EXERCISE BRIEF
Output all of the entries exactly as they are given.

───── RECORDS SUPPLIED ─────

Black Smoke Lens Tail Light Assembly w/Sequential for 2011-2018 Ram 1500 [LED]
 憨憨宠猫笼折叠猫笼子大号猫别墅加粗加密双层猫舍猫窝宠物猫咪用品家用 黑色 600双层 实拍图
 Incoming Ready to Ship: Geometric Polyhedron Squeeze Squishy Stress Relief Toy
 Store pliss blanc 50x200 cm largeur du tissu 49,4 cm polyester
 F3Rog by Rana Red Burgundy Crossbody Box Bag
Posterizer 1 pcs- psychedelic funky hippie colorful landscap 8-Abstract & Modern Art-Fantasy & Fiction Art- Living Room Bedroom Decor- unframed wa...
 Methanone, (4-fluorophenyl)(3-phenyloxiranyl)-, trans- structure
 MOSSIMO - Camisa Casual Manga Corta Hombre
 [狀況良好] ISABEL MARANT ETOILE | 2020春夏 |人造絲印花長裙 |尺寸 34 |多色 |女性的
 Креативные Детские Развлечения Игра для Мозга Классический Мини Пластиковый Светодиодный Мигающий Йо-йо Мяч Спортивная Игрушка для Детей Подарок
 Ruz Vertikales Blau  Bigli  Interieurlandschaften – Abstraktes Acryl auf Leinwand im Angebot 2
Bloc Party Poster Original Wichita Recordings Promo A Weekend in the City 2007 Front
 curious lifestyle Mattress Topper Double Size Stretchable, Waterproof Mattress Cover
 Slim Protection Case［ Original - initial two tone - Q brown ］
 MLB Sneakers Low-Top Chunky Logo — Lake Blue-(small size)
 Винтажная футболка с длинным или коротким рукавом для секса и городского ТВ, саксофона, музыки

─────

SOLUTION BELOW
Black Smoke Lens Tail Light Assembly w/Sequential for 2011-2018 Ram 1500 [LED]
 憨憨宠猫笼折叠猫笼子大号猫别墅加粗加密双层猫舍猫窝宠物猫咪用品家用 黑色 600双层 实拍图
 Incoming Ready to Ship: Geometric Polyhedron Squeeze Squishy Stress Relief Toy
 Store pliss blanc 50x200 cm largeur du tissu 49,4 cm polyester
 F3Rog by Rana Red Burgundy Crossbody Box Bag
Posterizer 1 pcs- psychedelic funky hippie colorful landscap 8-Abstract & Modern Art-Fantasy & Fiction Art- Living Room Bedroom Decor- unframed wa...
 Methanone, (4-fluorophenyl)(3-phenyloxiranyl)-, trans- structure
 MOSSIMO - Camisa Casual Manga Corta Hombre
 [狀況良好] ISABEL MARANT ETOILE | 2020春夏 |人造絲印花長裙 |尺寸 34 |多色 |女性的
 Креативные Детские Развлечения Игра для Мозга Классический Мини Пластиковый Светодиодный Мигающий Йо-йо Мяч Спортивная Игрушка для Детей Подарок
 Ruz Vertikales Blau  Bigli  Interieurlandschaften – Abstraktes Acryl auf Leinwand im Angebot 2
Bloc Party Poster Original Wichita Recordings Promo A Weekend in the City 2007 Front
 curious lifestyle Mattress Topper Double Size Stretchable, Waterproof Mattress Cover
 Slim Protection Case［ Original - initial two tone - Q brown ］
 MLB Sneakers Low-Top Chunky Logo — Lake Blue-(small size)
 Винтажная футболка с длинным или коротким рукавом для секса и городского ТВ, саксофона, музыки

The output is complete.